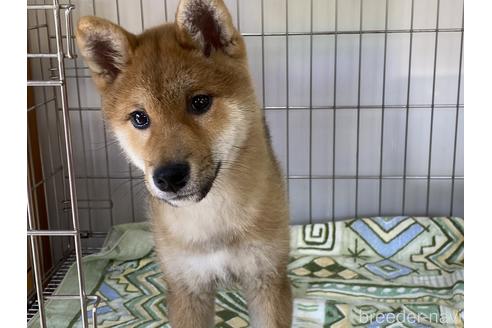 成約済の岡山県の柴犬-175825の3枚目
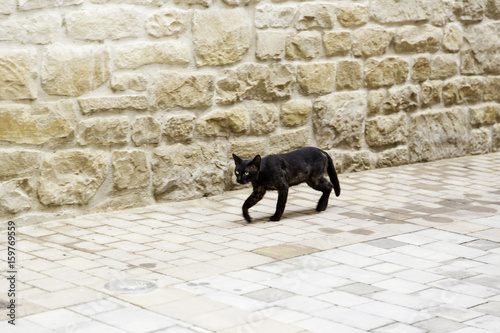 Street abandoned cat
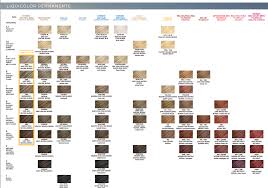 Clairol Professional Liquicolor Shade Chart Clairol Professional Hair Color Chart Hair Color Chart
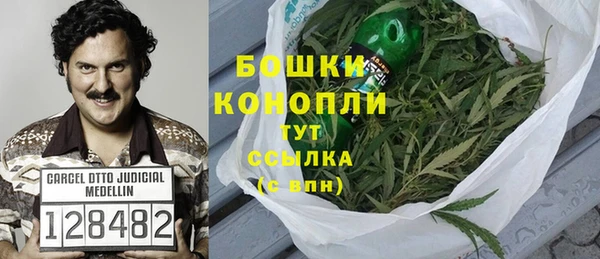 a pvp Бородино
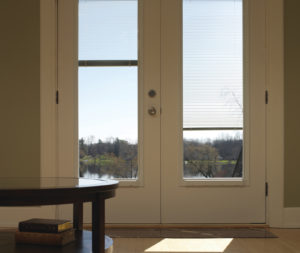 Garden Door with Mini-blinds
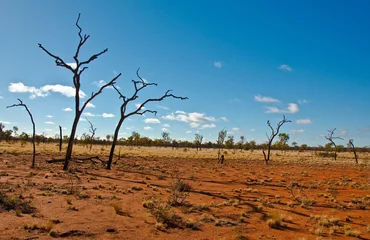 Fototapete australian landscape in the red center, australian desert © Enrico Della Pietra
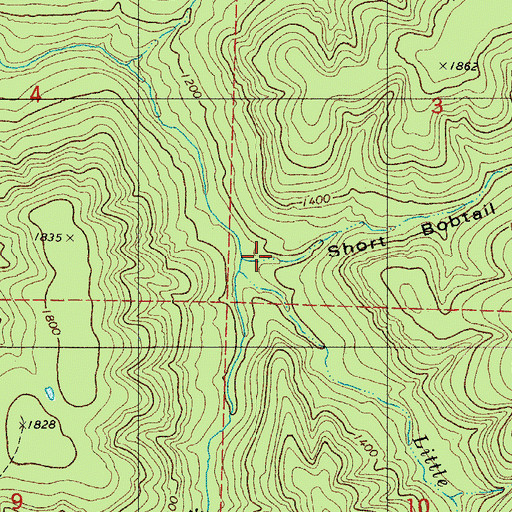 Topographic Map of Short Bobtail Hollow, AR
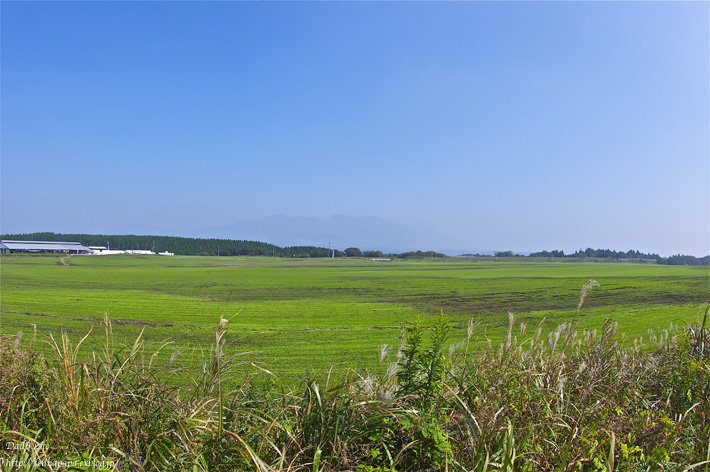 b0229832_1952145.jpg
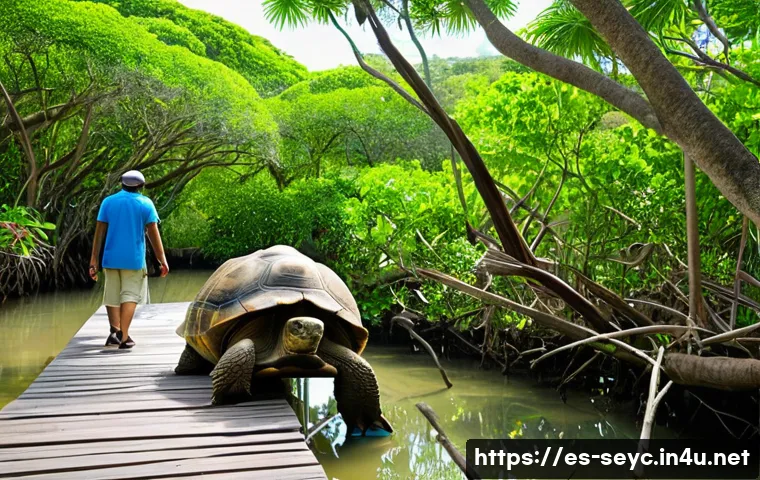 Las Joyas Ocultas de Seychelles Tu Guía para un Paraíso Sin Multitudes 3 세이셸 혼잡하지 않은 비밀 스팟 관련 이미지 1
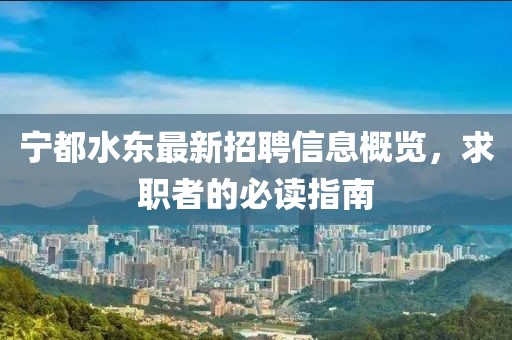 宁都水东最新招聘信息概览，求职者的必读指南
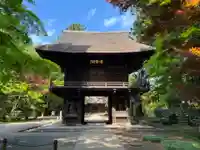 平林寺(埼玉県)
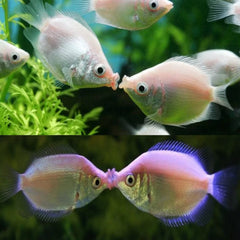 Kissing gourami balloon 7cm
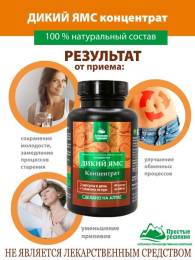 Концентрат Дикий Ямс с Витамином C Алтайские Традиции №60
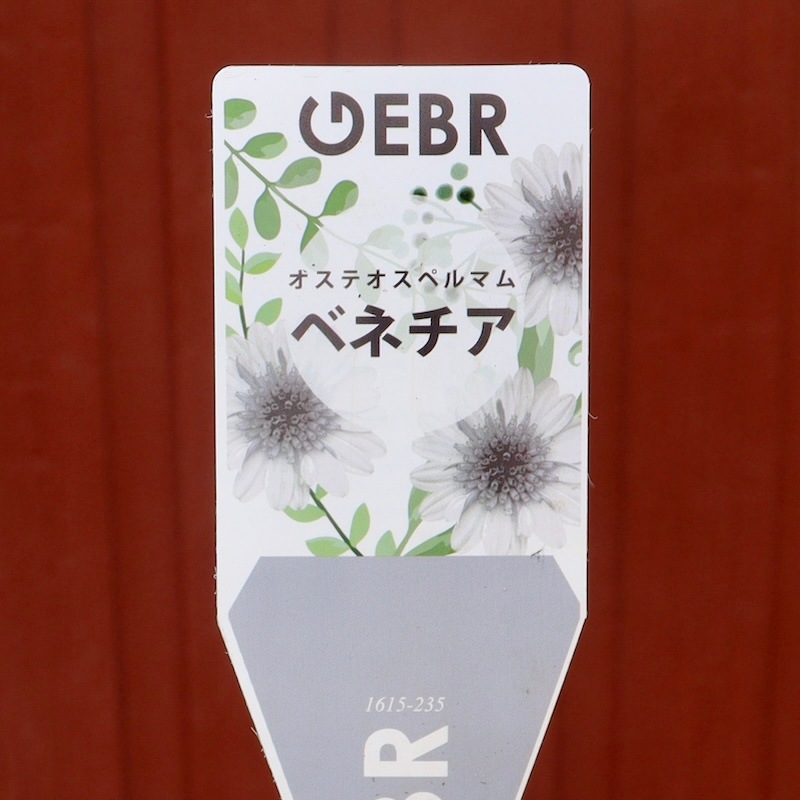 2025年NEW☆八重咲きオステオスペルマム「ベネチア」byゲブラナガトヨ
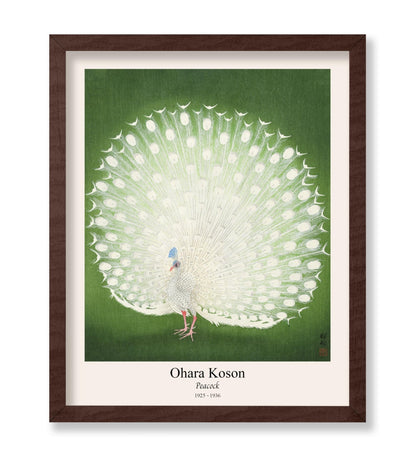 Ohara Koson - Peacock No2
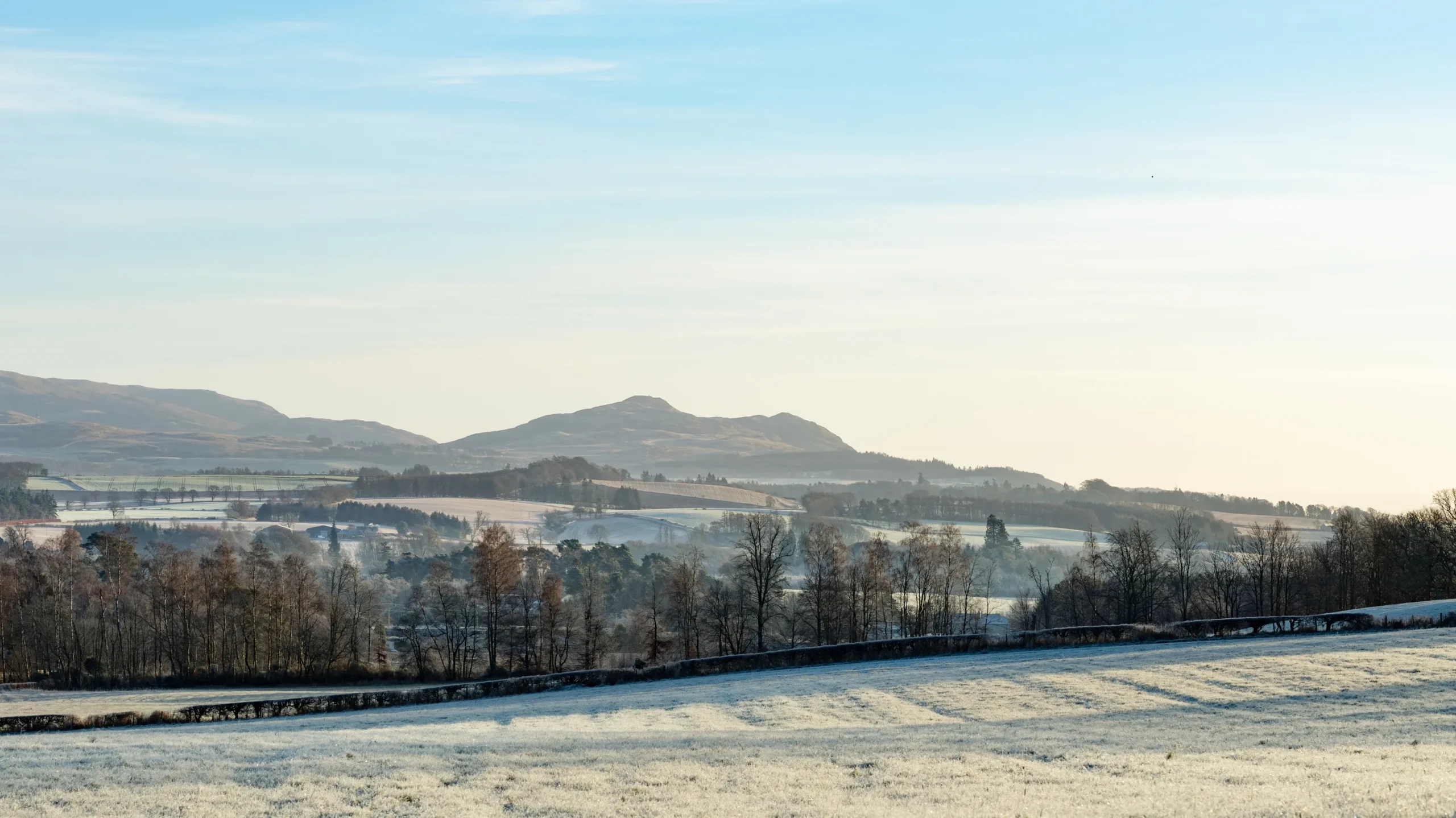 Black and Stone - Landscape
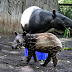 Ada Fauna Langka Yang Lahir Di Bandung Zoological Garden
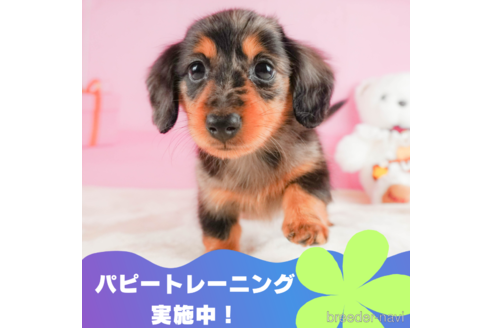 成約済ののミニチュアダックスフンド(ロングヘアード)-327904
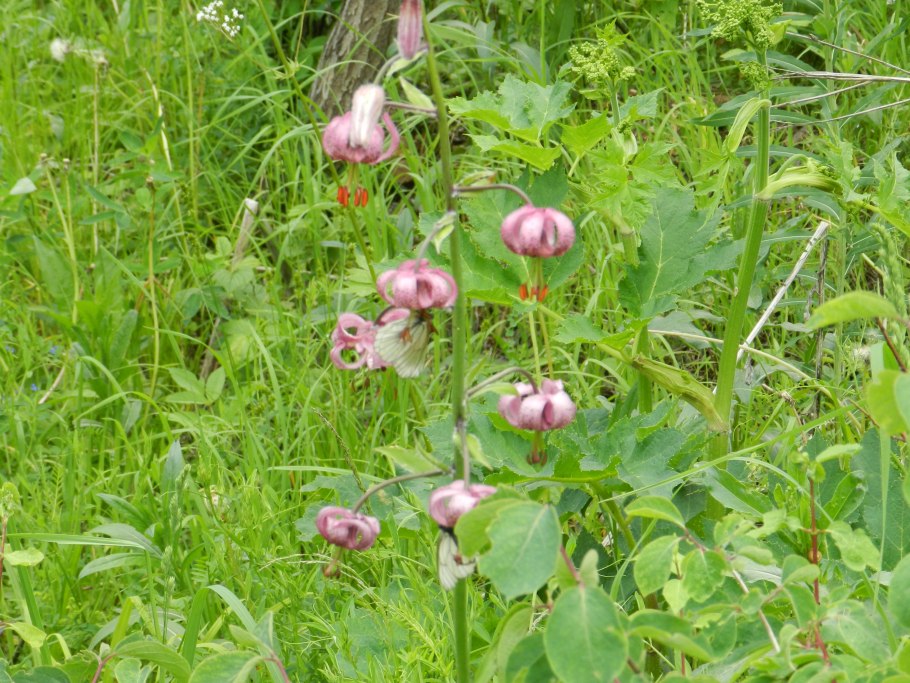 Лилия биология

====

WHAT IS EXPECTED — Find the line that contains "Ada Fauna Langka", then write out that line and every line after it through the end of the records, exactly. Leave the pictures out.

SOLUTION —
 Ada Fauna Langka Yang Lahir Di Bandung Zoological Garden
 成約済ののミニチュアダックスフンド(ロングヘアード)-327904
 Лилия биология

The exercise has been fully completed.